* Aim of the exercise:
Apart from the images, the records below need to be copied exactly.

* Exercise input:

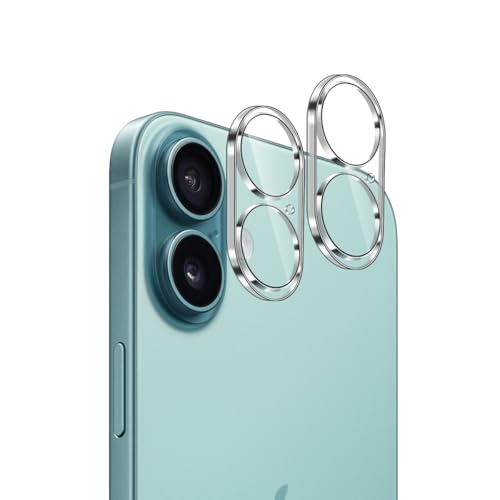 Lutree per iPhone 16/ iPhone 16 Plus Vetro Temperato Pellicola Fotocamera, 2 Pezzi Durezza 9H HD Lente Protettiva, Anti-Graffio Senza Bolle Fotocamera Protezione -Transparent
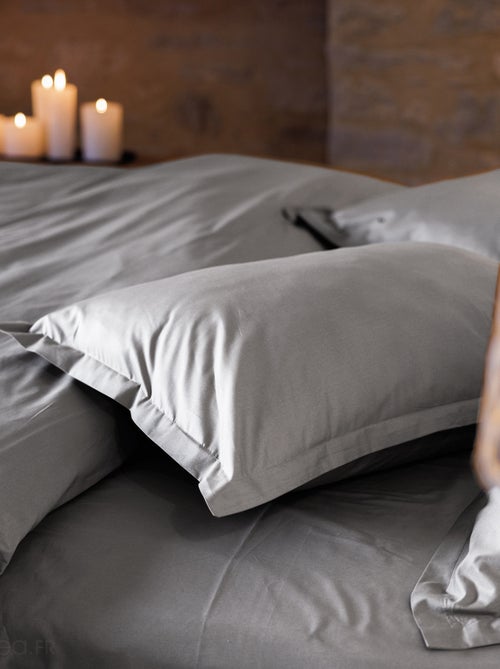Parure de lit uni percale de coton MANOIR Taie 50x70 cm - Kiabi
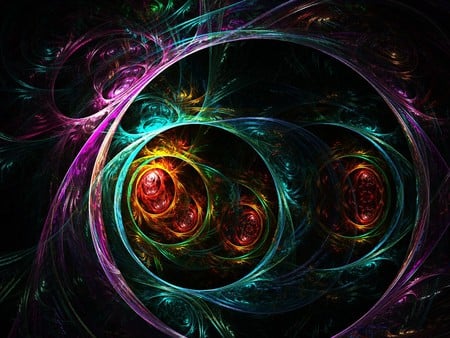 Whirling - abstract, 3d, circles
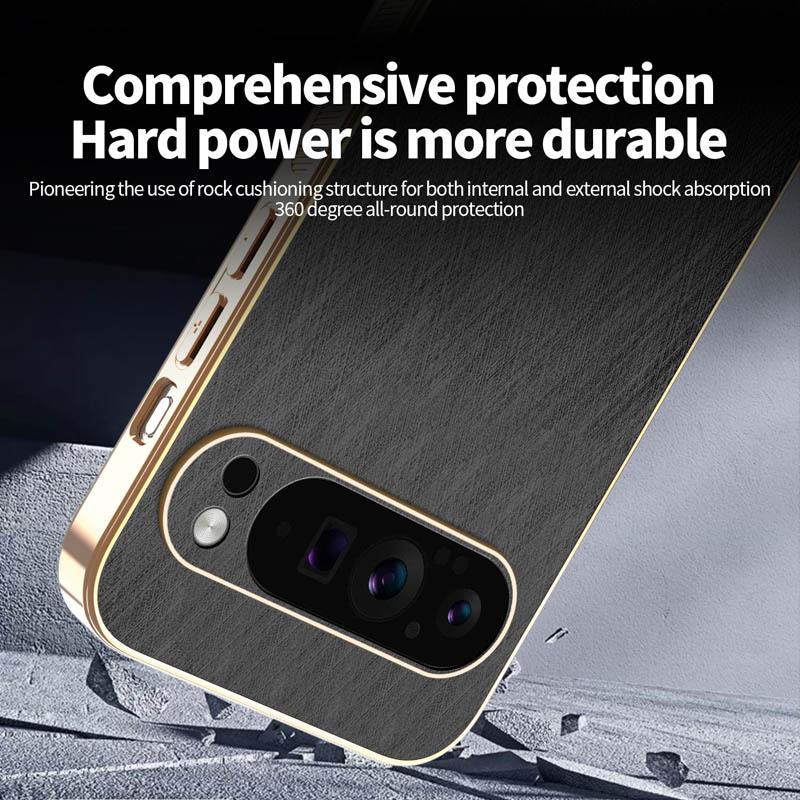 Stripe Thread Texture Leather Back Plating Case For Google Pixel 10 9 9a 8 7 6 Pro Anti Fingerprint Slide Camera Protector Shell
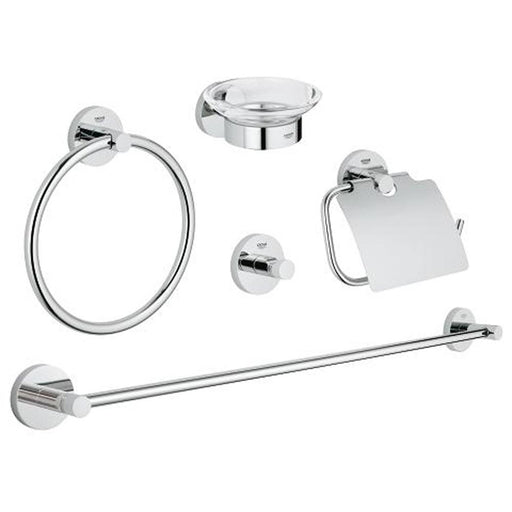 Grohe Essentials 5-in-1 Bathroom Accessories Set - Towel Ring, Towel Rail, Robe Hook, Toilet Roll Holder & Soap Dish Holder - Unbeatable Bathrooms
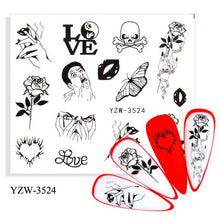 Load image into Gallery viewer, Water Decal Nail Art Decorations Nail Sticker Tattoo Full Cover Beauty Decals Manicure Supplies Accessories  Women Kids Girls Manicure Decoration Nail Art Supplies 3D Self-Adhesive Nail Decals Designer Nail Stickers for Acrylic Nails
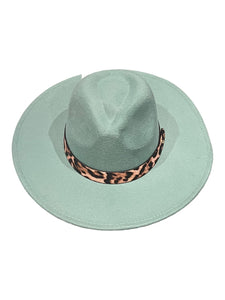 Teal Felt wide brim Hat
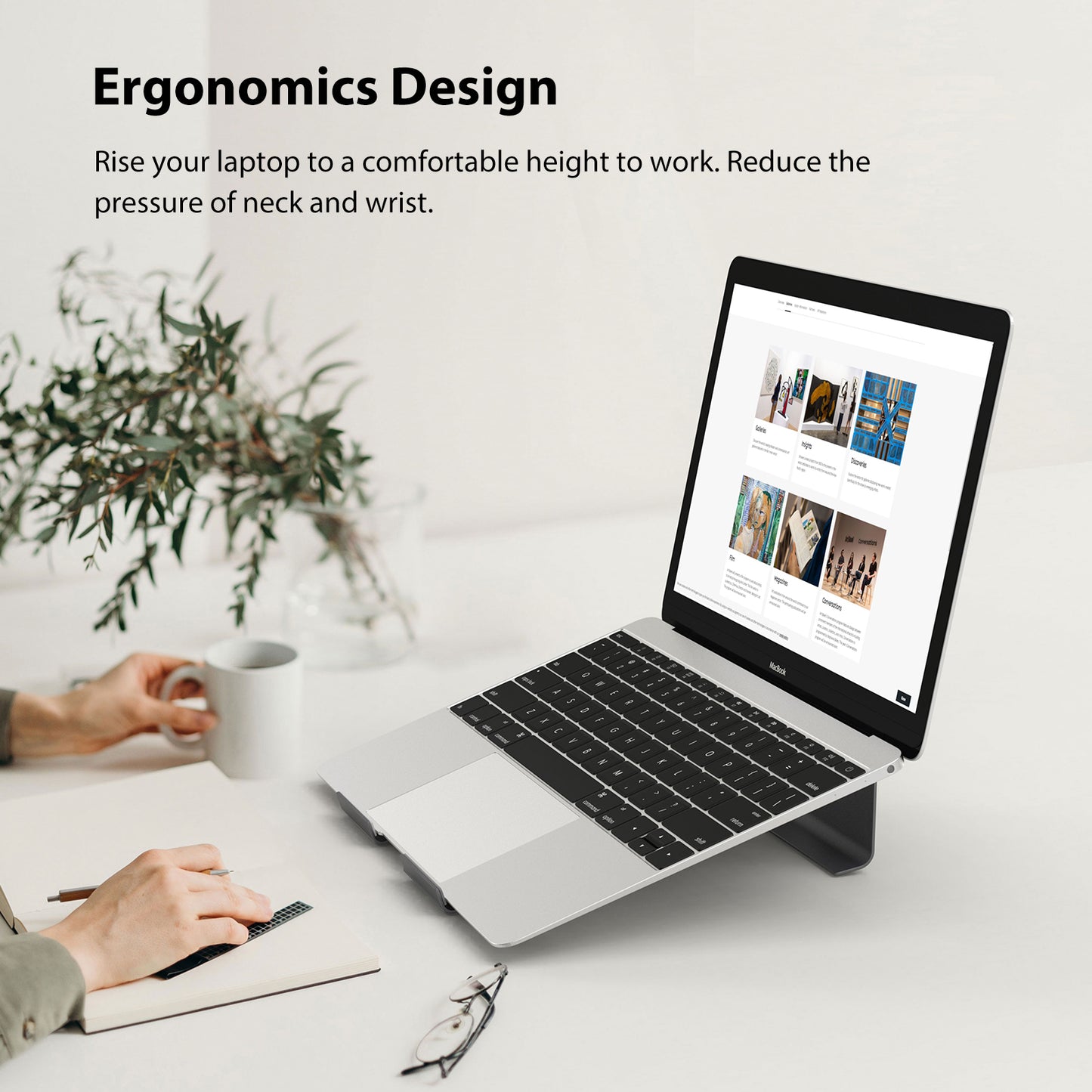 Laptop Stand,Aluminium Laptop Riser,Ergonomic Laptop Holder Compatible With Macbook Dell More 10-17 Inch Laptops Work From Home Or Office(LS-1)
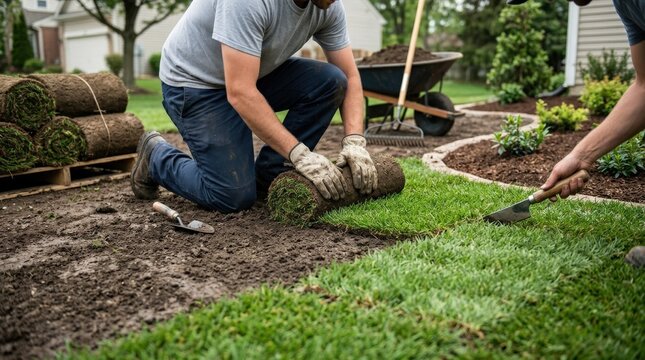 Sod installation on soil, landscaping and outdoor improvement concept for gardening, construction and fresh lawn themes, hands or tools in action, earth textures, neat green finish, soft daylight,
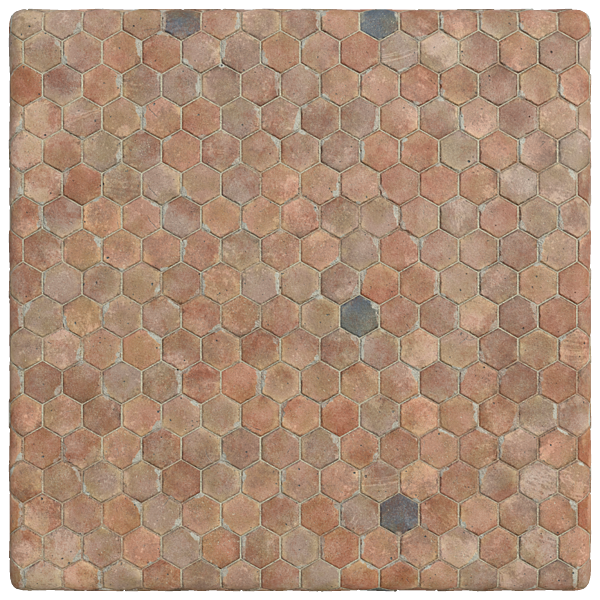 Dusty Hexagonal Orange Terracotta Tiles (Plane)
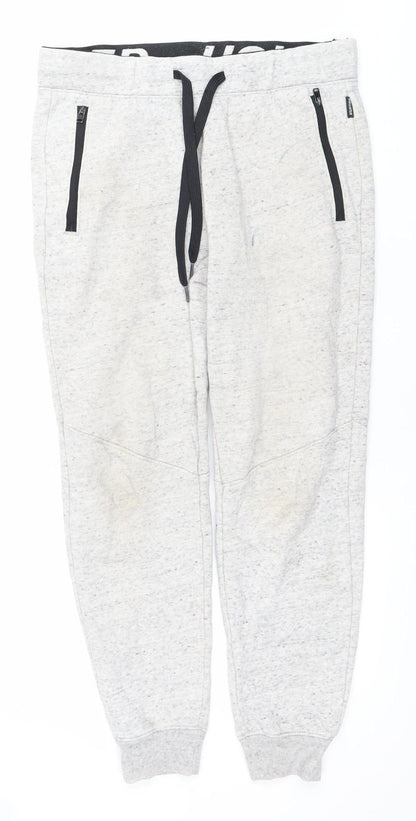 Hollister Men’s Grey Jogger Trousers S Regular Fit Fleece Pockets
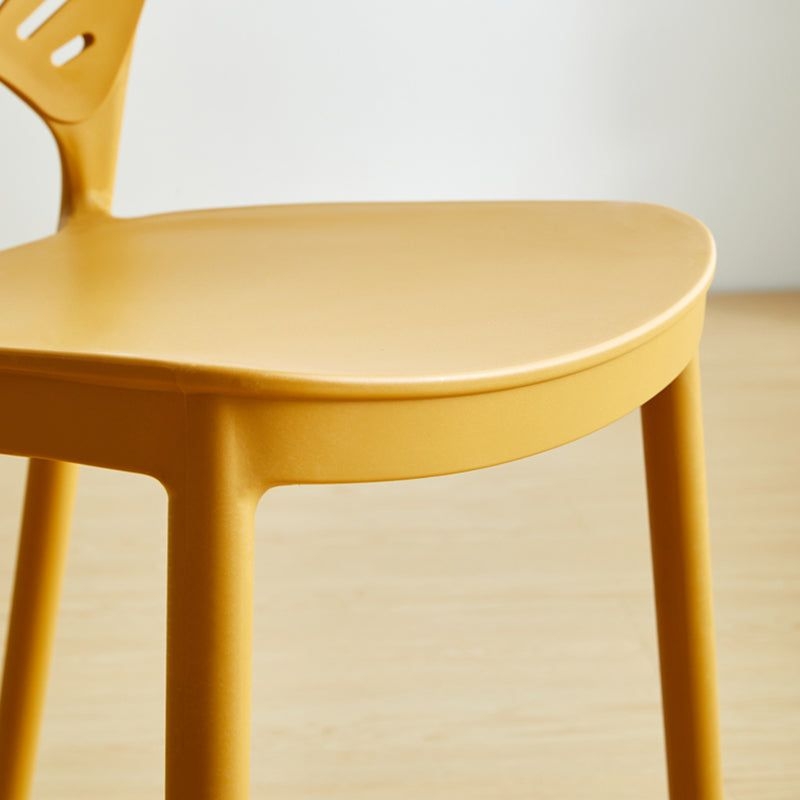 Contemporary Style Dining Plastic Chair Kitchen Open Back Dining Armless Chairs - Purple / 1 Piece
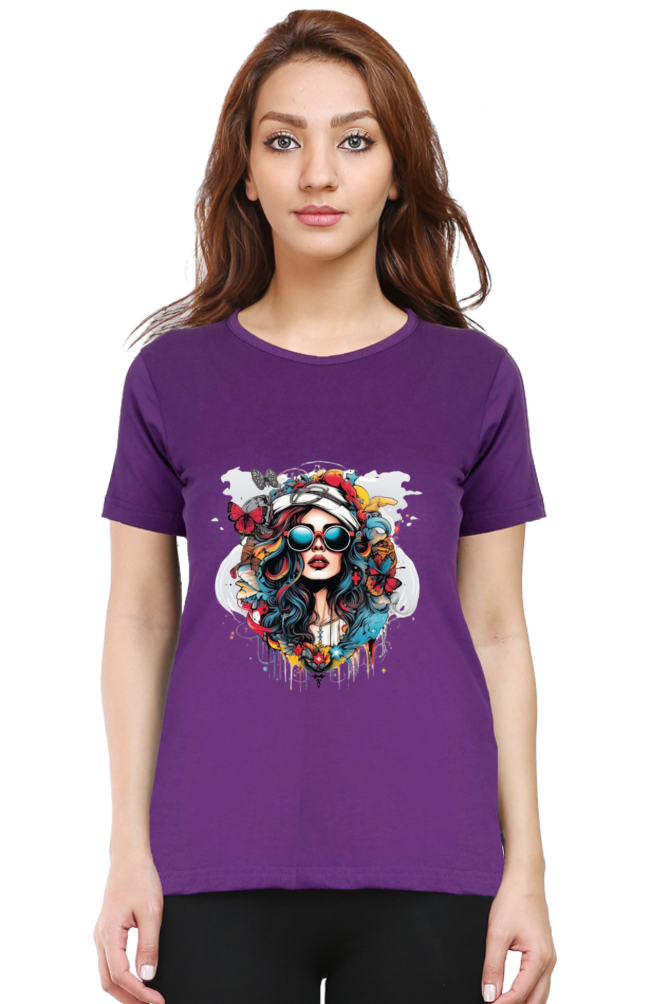 Beauty With Goggle Half Sleeve T-Shirt For Women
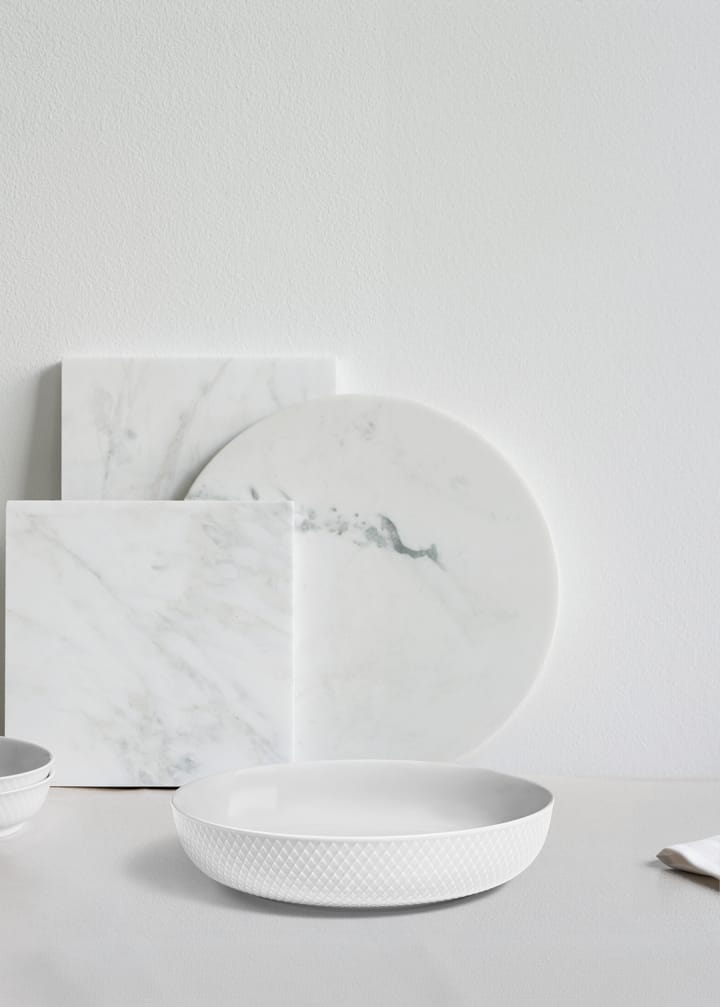 Bol para servir Rhombe Ø28 cm, Blanco Lyngby Porcelæn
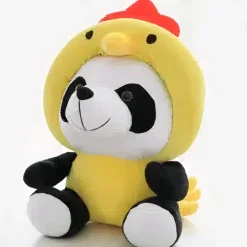 Peluche panda déguisé en poule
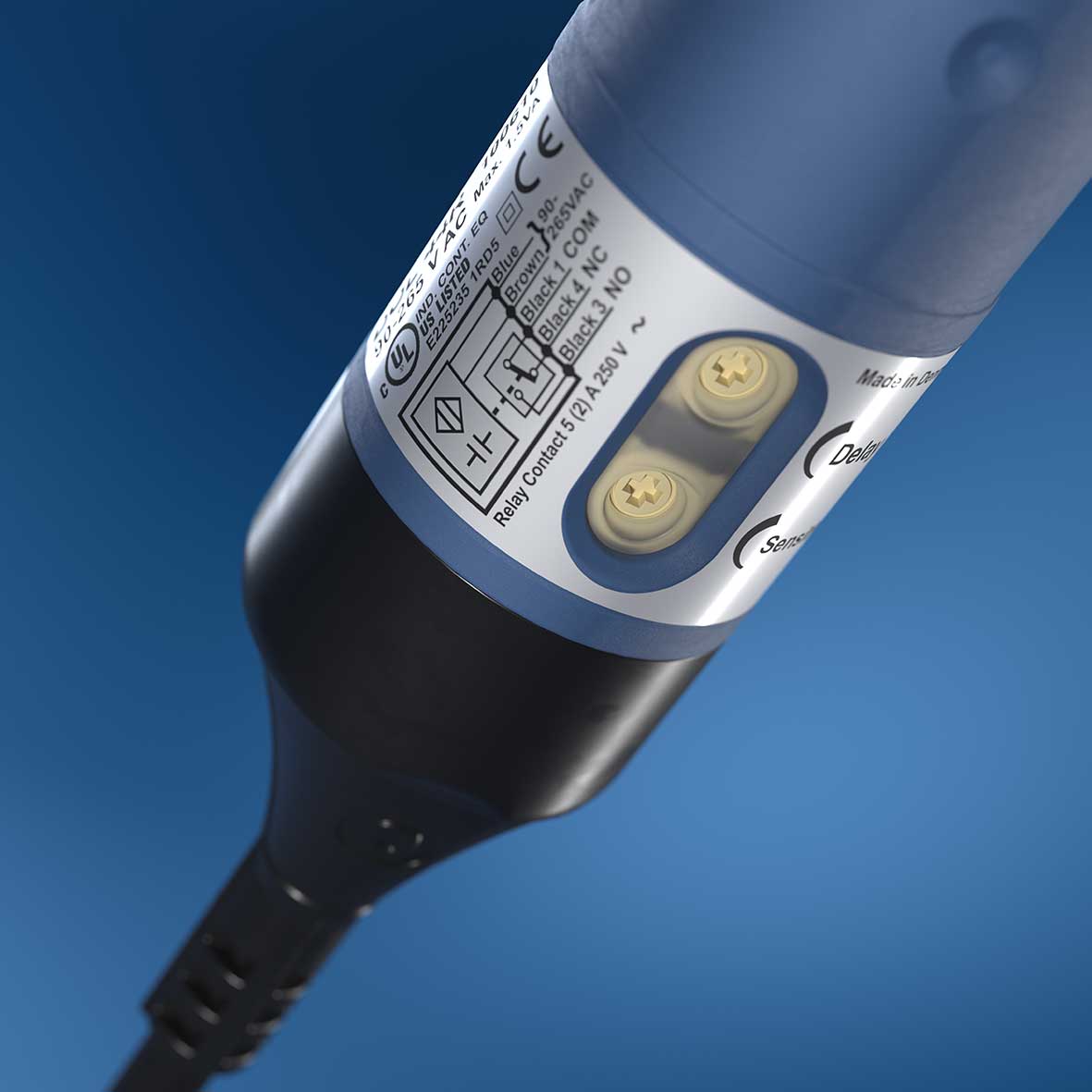DOL 44R (100630) Proximity Switch 30mm dia, Smooth with 0-600 second delay (20-280V AC/DC) 5 wire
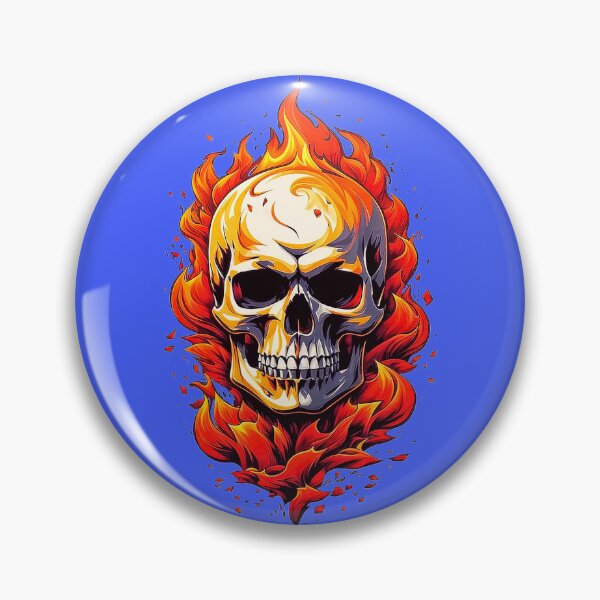 Item preview, Skull in Flames Fire Inferno 9 designed and sold by DigitalandPhoto.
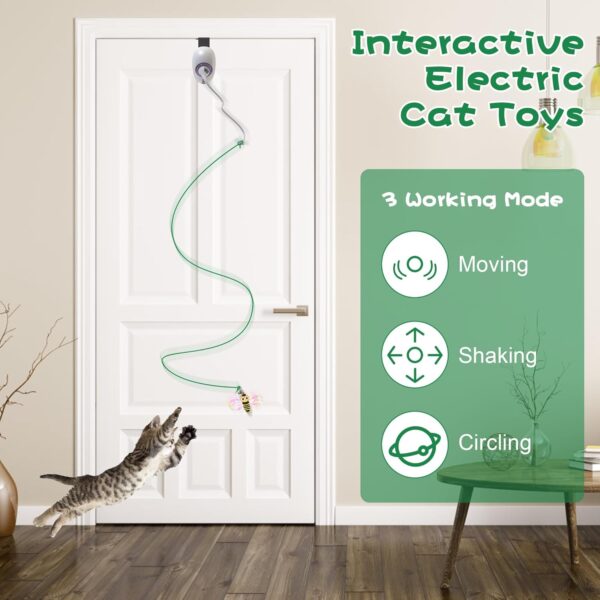 IOKHEIRA Interactive Cat Feather Toys for Indoor Cats Automatic Teaser Rope Cat Toy Hanging Electric Cat Toys, Rechargeable Play Chase Exercise Kitten Toys - Image 3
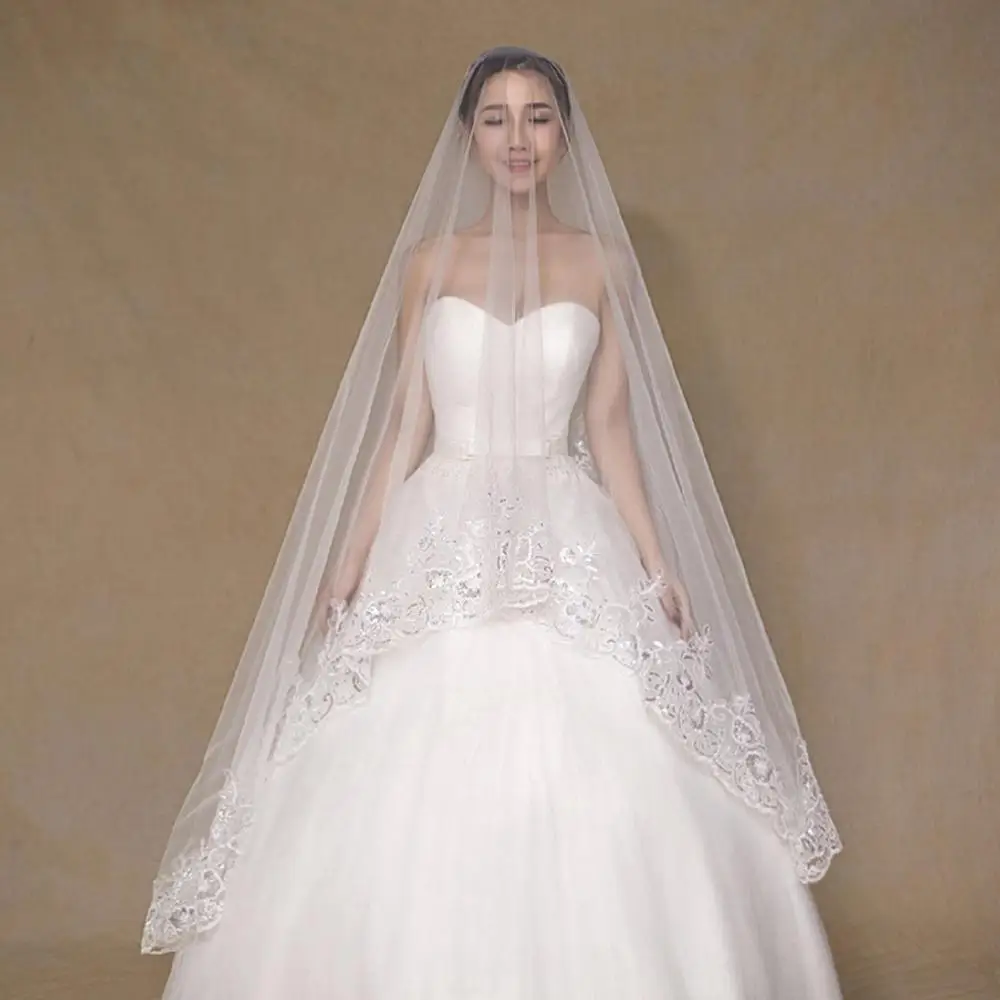 2019 New Arrival Branco Apliques Tulle Wedding Veil Lace Borda véu de noiva longo Véu de Noiva com Pente Para O Casamento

* Response area:
 Lutree per iPhone 16/ iPhone 16 Plus Vetro Temperato Pellicola Fotocamera, 2 Pezzi Durezza 9H HD Lente Protettiva, Anti-Graffio Senza Bolle Fotocamera Protezione -Transparent
Parure de lit uni percale de coton MANOIR Taie 50x70 cm - Kiabi
 Whirling - abstract, 3d, circles
 Stripe Thread Texture Leather Back Plating Case For Google Pixel 10 9 9a 8 7 6 Pro Anti Fingerprint Slide Camera Protector Shell
 Grohe Essentials 5-in-1 Bathroom Accessories Set - Towel Ring, Towel Rail, Robe Hook, Toilet Roll Holder & Soap Dish Holder - Unbeatable Bathrooms
 Load image into Gallery viewer, Water Decal Nail Art Decorations Nail Sticker Tattoo Full Cover Beauty Decals Manicure Supplies Accessories  Women Kids Girls Manicure Decoration Nail Art Supplies 3D Self-Adhesive Nail Decals Designer Nail Stickers for Acrylic Nails
 Teal Felt wide brim Hat
 Laptop Stand,Aluminium Laptop Riser,Ergonomic Laptop Holder Compatible With Macbook Dell More 10-17 Inch Laptops Work From Home Or Office(LS-1)
 Sod installation on soil, landscaping and outdoor improvement concept for gardening, construction and fresh lawn themes, hands or tools in action, earth textures, neat green finish, soft daylight,
 Dusty Hexagonal Orange Terracotta Tiles (Plane)
 Hollister Men’s Grey Jogger Trousers S Regular Fit Fleece Pockets
 Contemporary Style Dining Plastic Chair Kitchen Open Back Dining Armless Chairs - Purple / 1 Piece
 Beauty With Goggle Half Sleeve T-Shirt For Women
 Bol para servir Rhombe Ø28 cm, Blanco Lyngby Porcelæn
 Peluche panda déguisé en poule
DOL 44R (100630) Proximity Switch 30mm dia, Smooth with 0-600 second delay (20-280V AC/DC) 5 wire
 Item preview, Skull in Flames Fire Inferno 9 designed and sold by DigitalandPhoto.
 IOKHEIRA Interactive Cat Feather Toys for Indoor Cats Automatic Teaser Rope Cat Toy Hanging Electric Cat Toys, Rechargeable Play Chase Exercise Kitten Toys - Image 3
 2019 New Arrival Branco Apliques Tulle Wedding Veil Lace Borda véu de noiva longo Véu de Noiva com Pente Para O Casamento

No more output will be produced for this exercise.